Seit Jahrzehnten wird an der Freien Universität Sport getrieben – das Team der Zentraleinrichtung Hochschulsport stellt dafür das Kursangebot zusammen, fördert Olympiatalente und schickt Trainerinnen und Trainer in Büros und Hörsäle.

12.06.2019

Run, Uni, Run! Zahlreiche Mitglieder der Freien Universität treffen sich regelmäßig zu Sportveranstaltungen.

Run, Uni, Run! Zahlreiche Mitglieder der Freien Universität treffen sich regelmäßig zu Sportveranstaltungen.
Bildquelle: Bernd Wannenmacher

Ob Fußball, Yoga, Klettern, Jiu Jitsu oder „Slashpipe“, Fitness mit einer mit Wasser gefüllten Röhre – die Zentraleinrichtung Hochschulsport der Freien Universität bietet pro Semester Kurse in bis zu 140 unterschiedlichen Sportarten an.
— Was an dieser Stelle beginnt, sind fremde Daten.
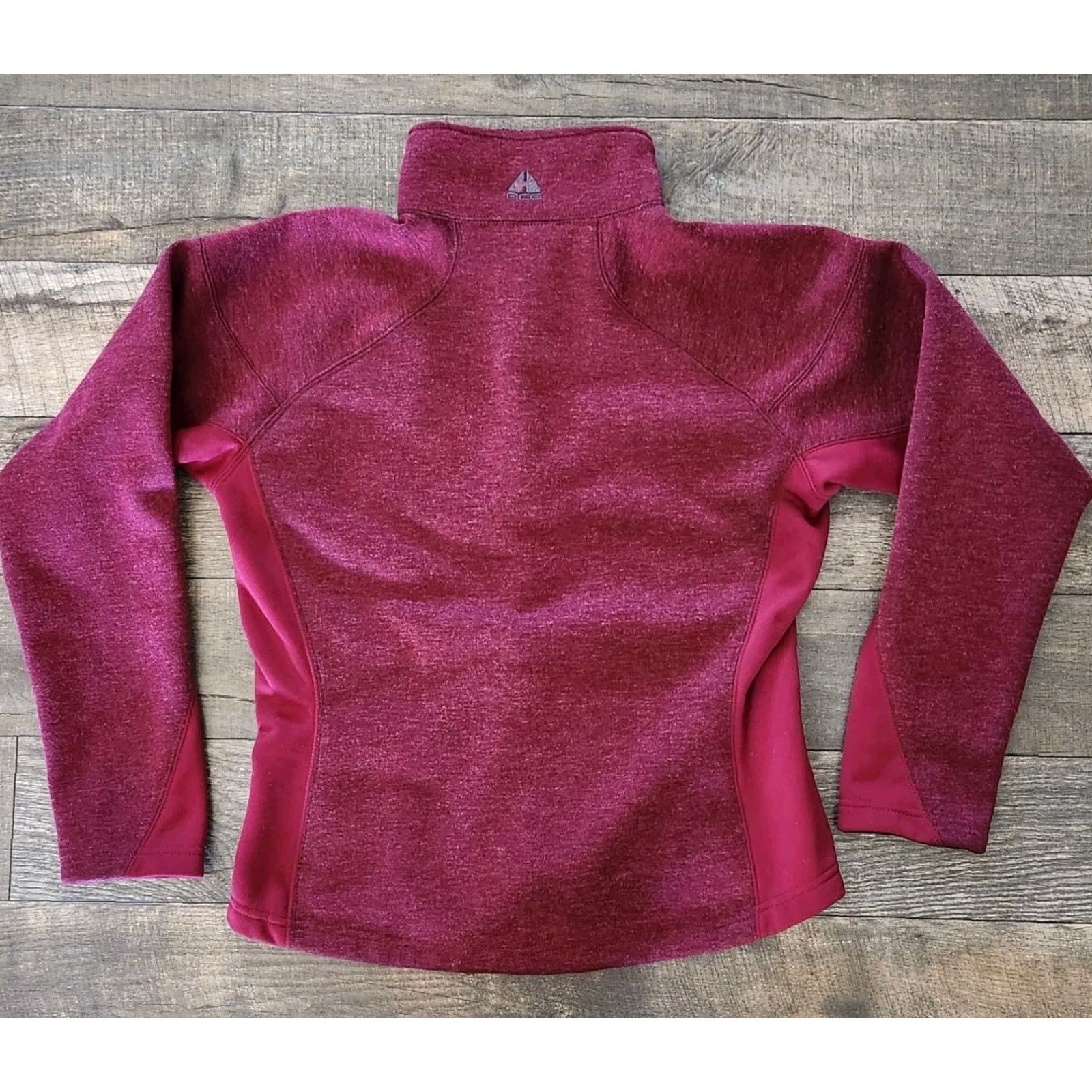 Nike ACG VINTAGE Nike ACG Fit Therma Women's BurgundY Full Zip Fleece Jacket Size Sm Red Long Sleeve Mid-Length Womens Size S / US 4 / IT 40 - 3 Thumbnail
Wer will, der kann an der Freien Universität sogar einen Segelschein auf dem Wannsee machen. „Der Hochschulsport ist ideal, um neue Sportarten kennenzulernen“, sagt Christian Mundhenk. „Man muss keinem Verein beitreten oder sich anderweitig langfristig binden. Man kann sich einfach online für einen Kurs registrieren und ausprobieren, was einen interessiert.“

Maren Schulze und Christian Mundhenk leiten die Zentraleinrichtung Hochschulsport an der Freien Universität Berlin.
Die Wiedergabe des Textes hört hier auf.